━━ Materials provided

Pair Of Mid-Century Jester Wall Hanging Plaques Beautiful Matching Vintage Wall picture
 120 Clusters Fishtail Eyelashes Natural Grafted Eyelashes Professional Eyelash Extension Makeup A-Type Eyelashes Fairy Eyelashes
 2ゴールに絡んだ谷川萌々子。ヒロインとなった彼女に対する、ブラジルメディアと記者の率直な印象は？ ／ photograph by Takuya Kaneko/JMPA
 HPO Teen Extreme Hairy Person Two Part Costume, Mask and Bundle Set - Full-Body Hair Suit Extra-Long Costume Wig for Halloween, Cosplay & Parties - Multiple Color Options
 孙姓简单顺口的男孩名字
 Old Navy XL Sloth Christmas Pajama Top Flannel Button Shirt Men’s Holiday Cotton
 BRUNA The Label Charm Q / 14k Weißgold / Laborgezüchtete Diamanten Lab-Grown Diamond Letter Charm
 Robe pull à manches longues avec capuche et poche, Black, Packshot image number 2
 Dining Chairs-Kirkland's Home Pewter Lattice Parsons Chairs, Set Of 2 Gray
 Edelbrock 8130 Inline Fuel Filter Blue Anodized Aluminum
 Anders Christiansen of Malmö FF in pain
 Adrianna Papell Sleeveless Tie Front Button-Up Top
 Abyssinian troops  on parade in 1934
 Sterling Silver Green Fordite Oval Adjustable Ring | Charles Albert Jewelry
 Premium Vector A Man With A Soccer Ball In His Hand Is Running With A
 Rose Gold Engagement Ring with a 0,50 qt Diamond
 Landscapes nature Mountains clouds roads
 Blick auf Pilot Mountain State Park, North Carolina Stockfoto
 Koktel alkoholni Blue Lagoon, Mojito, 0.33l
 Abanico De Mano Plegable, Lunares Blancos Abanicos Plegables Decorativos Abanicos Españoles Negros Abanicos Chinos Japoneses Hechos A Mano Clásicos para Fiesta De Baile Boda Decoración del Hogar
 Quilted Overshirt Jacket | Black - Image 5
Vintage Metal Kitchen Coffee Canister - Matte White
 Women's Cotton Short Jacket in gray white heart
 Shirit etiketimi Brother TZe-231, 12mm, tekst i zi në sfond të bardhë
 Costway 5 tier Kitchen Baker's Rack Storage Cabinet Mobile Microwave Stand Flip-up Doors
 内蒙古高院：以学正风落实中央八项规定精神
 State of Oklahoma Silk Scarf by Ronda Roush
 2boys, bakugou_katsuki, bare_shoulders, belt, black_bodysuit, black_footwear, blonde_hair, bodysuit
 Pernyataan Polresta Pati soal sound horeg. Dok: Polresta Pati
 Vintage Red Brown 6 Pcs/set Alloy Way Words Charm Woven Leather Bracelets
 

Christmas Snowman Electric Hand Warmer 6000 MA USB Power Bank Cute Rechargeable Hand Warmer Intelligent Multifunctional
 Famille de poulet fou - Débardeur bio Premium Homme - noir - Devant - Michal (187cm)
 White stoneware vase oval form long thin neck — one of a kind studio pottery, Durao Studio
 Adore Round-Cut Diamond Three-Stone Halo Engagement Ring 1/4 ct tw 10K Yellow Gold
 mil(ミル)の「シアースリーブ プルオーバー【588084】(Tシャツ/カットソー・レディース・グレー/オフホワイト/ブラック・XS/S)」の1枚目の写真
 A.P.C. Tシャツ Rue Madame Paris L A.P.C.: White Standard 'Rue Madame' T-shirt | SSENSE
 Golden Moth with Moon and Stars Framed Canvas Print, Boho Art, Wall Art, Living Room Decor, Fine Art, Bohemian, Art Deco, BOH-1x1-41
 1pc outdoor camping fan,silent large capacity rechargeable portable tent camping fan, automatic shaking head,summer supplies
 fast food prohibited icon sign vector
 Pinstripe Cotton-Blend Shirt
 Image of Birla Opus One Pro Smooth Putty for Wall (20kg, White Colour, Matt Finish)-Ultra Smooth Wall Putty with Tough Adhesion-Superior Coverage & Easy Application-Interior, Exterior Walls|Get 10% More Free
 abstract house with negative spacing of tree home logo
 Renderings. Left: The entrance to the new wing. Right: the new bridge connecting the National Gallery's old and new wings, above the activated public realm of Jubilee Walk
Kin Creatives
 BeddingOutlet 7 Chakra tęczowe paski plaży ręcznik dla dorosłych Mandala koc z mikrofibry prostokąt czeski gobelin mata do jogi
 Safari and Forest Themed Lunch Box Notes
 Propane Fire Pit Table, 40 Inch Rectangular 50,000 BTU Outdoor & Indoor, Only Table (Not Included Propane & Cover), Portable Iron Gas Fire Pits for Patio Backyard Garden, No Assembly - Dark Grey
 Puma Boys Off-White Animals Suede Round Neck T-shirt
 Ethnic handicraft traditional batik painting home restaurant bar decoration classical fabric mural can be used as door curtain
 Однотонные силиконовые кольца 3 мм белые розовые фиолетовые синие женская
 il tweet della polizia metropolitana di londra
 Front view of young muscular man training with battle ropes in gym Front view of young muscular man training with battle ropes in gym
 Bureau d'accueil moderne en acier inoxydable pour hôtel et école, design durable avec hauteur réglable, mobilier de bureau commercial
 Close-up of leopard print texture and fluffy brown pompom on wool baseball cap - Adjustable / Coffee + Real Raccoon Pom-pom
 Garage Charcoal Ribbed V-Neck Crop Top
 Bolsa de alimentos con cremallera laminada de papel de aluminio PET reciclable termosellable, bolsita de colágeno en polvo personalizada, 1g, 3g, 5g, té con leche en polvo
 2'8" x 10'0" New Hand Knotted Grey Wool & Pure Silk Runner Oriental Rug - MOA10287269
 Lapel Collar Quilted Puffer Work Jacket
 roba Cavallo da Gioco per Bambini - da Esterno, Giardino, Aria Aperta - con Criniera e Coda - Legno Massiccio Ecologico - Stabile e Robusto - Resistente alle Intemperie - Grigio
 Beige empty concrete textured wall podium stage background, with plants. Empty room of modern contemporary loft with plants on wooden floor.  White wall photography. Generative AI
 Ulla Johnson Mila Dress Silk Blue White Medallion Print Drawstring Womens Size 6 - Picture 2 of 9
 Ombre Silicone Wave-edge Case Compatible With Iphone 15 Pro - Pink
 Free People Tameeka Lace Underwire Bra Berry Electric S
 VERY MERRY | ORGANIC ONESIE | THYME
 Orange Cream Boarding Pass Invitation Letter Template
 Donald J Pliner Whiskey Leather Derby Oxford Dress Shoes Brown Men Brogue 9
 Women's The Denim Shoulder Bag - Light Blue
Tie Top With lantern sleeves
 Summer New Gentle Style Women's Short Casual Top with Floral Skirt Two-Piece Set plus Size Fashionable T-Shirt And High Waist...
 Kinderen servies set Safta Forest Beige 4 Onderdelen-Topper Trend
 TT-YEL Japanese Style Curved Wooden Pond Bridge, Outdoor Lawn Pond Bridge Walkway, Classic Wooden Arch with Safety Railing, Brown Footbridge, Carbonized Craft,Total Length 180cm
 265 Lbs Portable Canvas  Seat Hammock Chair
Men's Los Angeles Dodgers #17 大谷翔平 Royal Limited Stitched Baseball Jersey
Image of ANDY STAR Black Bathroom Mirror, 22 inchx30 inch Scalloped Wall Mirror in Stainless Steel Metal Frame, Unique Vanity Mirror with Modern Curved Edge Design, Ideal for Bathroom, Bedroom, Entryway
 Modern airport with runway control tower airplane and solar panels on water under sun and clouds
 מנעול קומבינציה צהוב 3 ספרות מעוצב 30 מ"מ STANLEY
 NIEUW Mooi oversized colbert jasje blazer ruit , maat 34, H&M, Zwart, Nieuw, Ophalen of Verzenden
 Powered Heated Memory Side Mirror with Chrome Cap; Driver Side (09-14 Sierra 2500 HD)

━━━━

* **Assigned task**: When the line with "Robe pull à" is reached in the data above, begin copying, and stop after the line with "State of Oklahoma Silk Scarf by Ronda Roush"; copy each line exactly, both ends included.

* **Your solution**:
 Robe pull à manches longues avec capuche et poche, Black, Packshot image number 2
 Dining Chairs-Kirkland's Home Pewter Lattice Parsons Chairs, Set Of 2 Gray
 Edelbrock 8130 Inline Fuel Filter Blue Anodized Aluminum
 Anders Christiansen of Malmö FF in pain
 Adrianna Papell Sleeveless Tie Front Button-Up Top
 Abyssinian troops  on parade in 1934
 Sterling Silver Green Fordite Oval Adjustable Ring | Charles Albert Jewelry
 Premium Vector A Man With A Soccer Ball In His Hand Is Running With A
 Rose Gold Engagement Ring with a 0,50 qt Diamond
 Landscapes nature Mountains clouds roads
 Blick auf Pilot Mountain State Park, North Carolina Stockfoto
 Koktel alkoholni Blue Lagoon, Mojito, 0.33l
 Abanico De Mano Plegable, Lunares Blancos Abanicos Plegables Decorativos Abanicos Españoles Negros Abanicos Chinos Japoneses Hechos A Mano Clásicos para Fiesta De Baile Boda Decoración del Hogar
 Quilted Overshirt Jacket | Black - Image 5
Vintage Metal Kitchen Coffee Canister - Matte White
 Women's Cotton Short Jacket in gray white heart
 Shirit etiketimi Brother TZe-231, 12mm, tekst i zi në sfond të bardhë
 Costway 5 tier Kitchen Baker's Rack Storage Cabinet Mobile Microwave Stand Flip-up Doors
 内蒙古高院：以学正风落实中央八项规定精神
 State of Oklahoma Silk Scarf by Ronda Roush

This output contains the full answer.